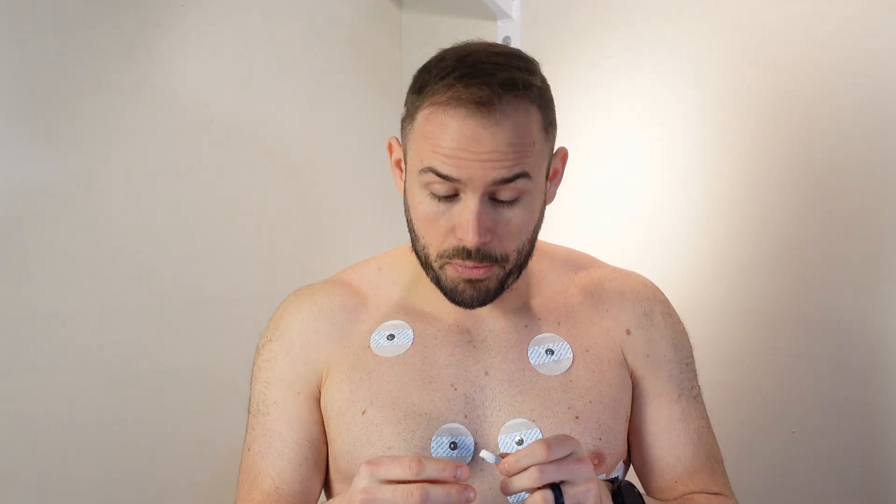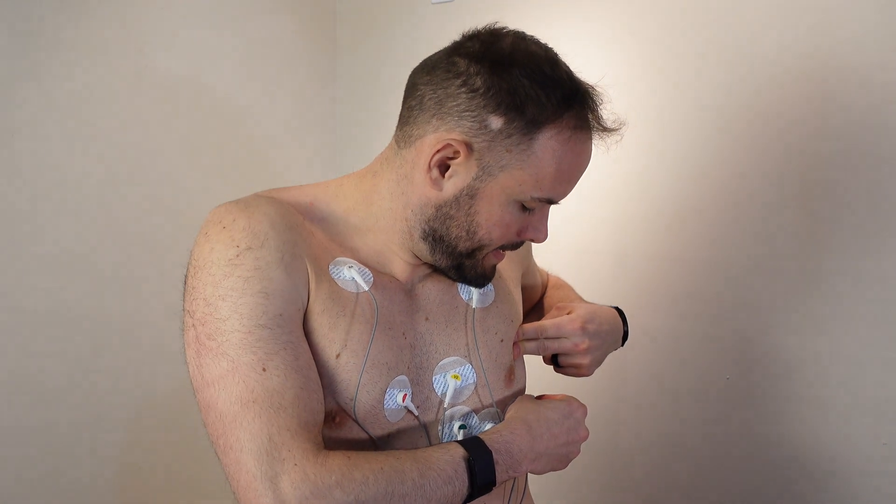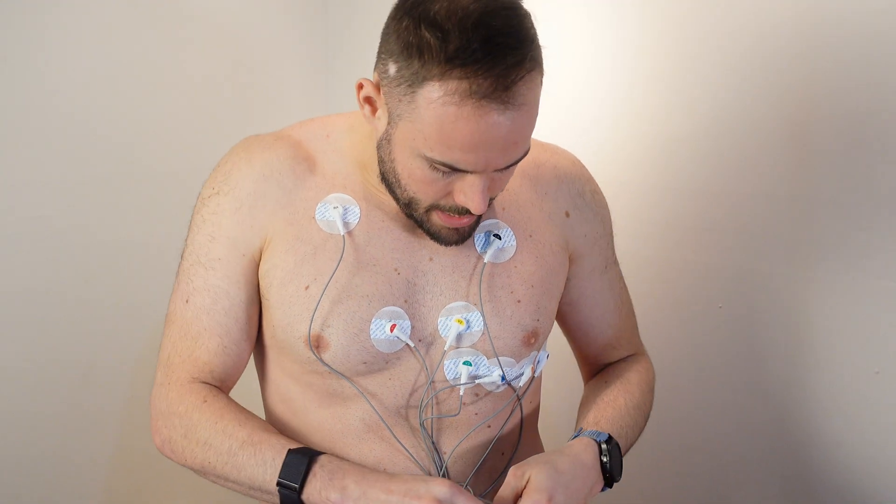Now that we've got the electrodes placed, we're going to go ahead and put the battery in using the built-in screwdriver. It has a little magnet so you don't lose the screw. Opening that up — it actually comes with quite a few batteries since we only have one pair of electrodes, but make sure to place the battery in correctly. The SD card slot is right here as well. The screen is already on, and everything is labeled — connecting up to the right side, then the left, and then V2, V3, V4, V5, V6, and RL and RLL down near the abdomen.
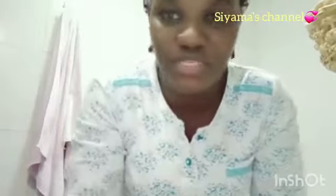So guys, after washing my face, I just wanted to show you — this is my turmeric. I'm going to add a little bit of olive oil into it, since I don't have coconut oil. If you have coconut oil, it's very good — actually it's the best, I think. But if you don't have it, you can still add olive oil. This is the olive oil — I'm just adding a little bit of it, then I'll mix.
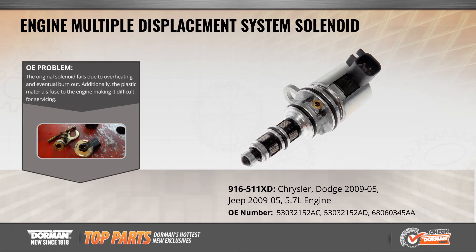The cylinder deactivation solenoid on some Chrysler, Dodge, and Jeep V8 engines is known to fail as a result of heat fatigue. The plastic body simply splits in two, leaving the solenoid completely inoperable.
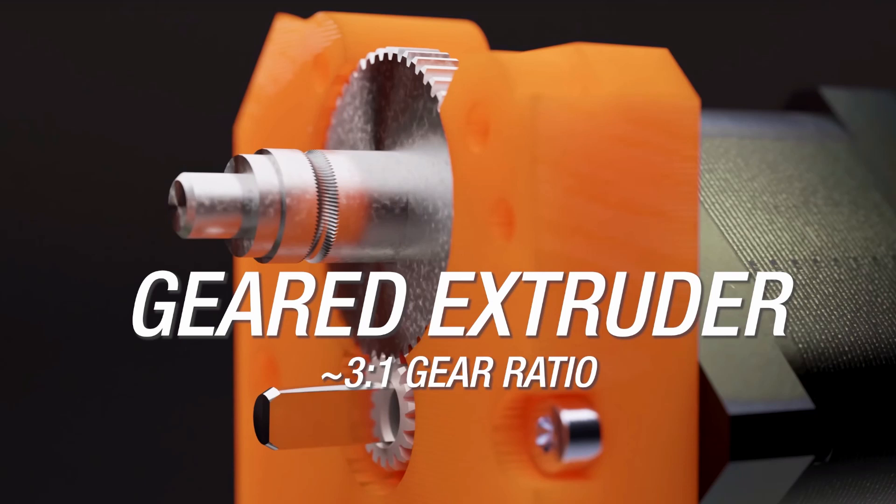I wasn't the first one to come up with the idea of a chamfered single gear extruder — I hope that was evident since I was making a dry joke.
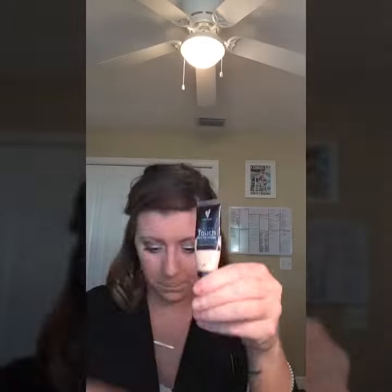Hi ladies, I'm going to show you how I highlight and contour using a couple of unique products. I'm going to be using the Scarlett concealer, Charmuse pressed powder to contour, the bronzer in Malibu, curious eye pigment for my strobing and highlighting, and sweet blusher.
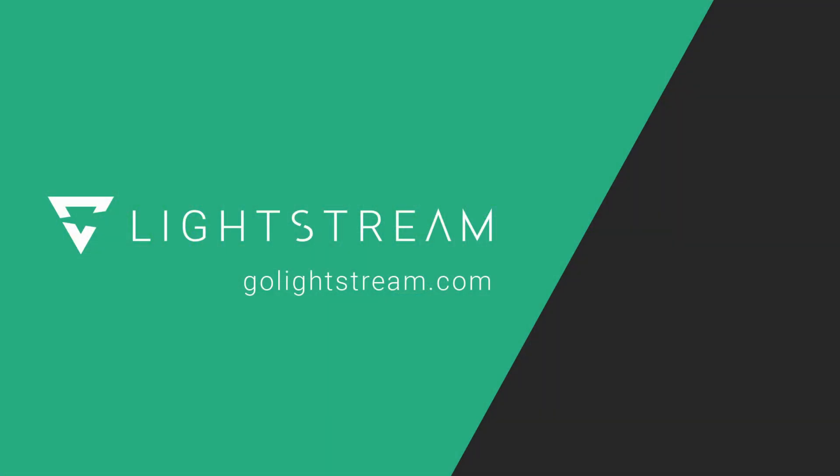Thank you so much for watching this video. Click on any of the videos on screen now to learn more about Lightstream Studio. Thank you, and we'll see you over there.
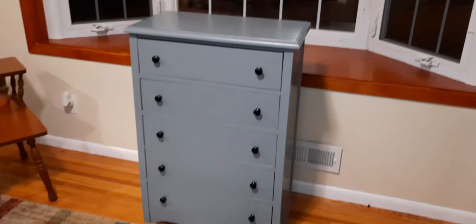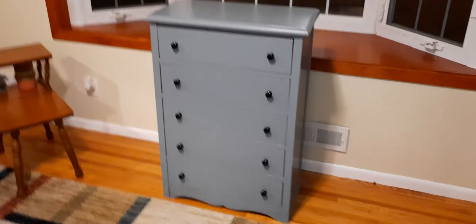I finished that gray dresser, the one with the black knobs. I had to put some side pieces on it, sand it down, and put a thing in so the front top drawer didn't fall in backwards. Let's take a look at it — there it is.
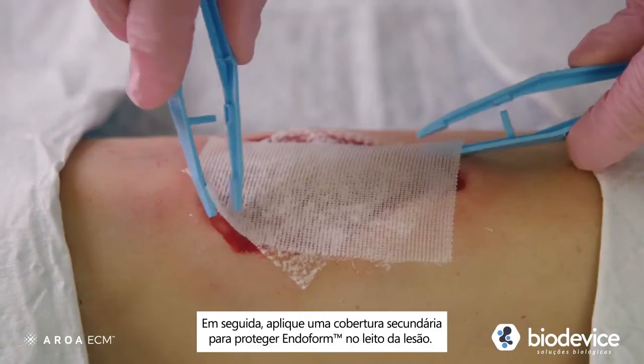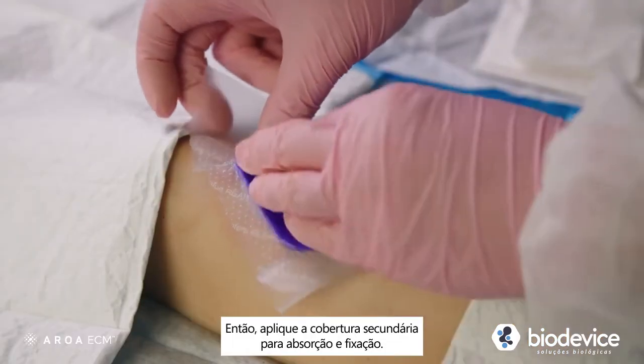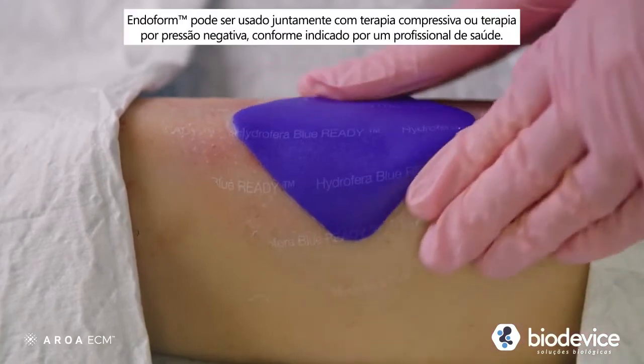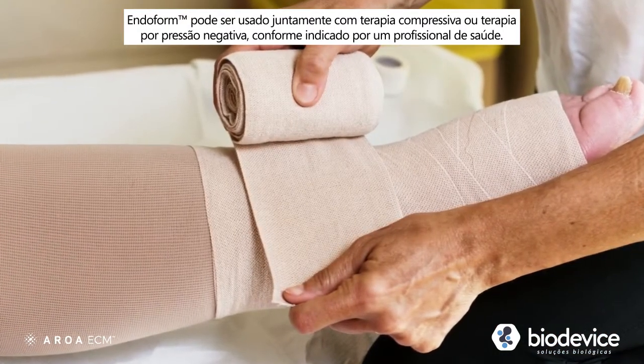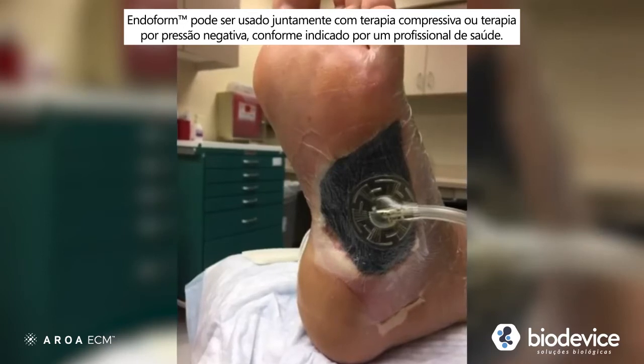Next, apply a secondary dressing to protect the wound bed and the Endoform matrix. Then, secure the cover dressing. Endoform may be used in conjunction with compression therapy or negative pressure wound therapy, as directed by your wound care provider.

------------------------------

- [Work to be completed]: Verbatim output, no pictures: the line holding "Hi ladies, I'm" and all lines after it through the last line of the material, with nothing else.

- [Exercise response]:
Hi ladies, I'm going to show you how I highlight and contour using a couple of unique products. I'm going to be using the Scarlett concealer, Charmuse pressed powder to contour, the bronzer in Malibu, curious eye pigment for my strobing and highlighting, and sweet blusher.
Thank you so much for watching this video. Click on any of the videos on screen now to learn more about Lightstream Studio. Thank you, and we'll see you over there.
I finished that gray dresser, the one with the black knobs. I had to put some side pieces on it, sand it down, and put a thing in so the front top drawer didn't fall in backwards. Let's take a look at it — there it is.
Next, apply a secondary dressing to protect the wound bed and the Endoform matrix. Then, secure the cover dressing. Endoform may be used in conjunction with compression therapy or negative pressure wound therapy, as directed by your wound care provider.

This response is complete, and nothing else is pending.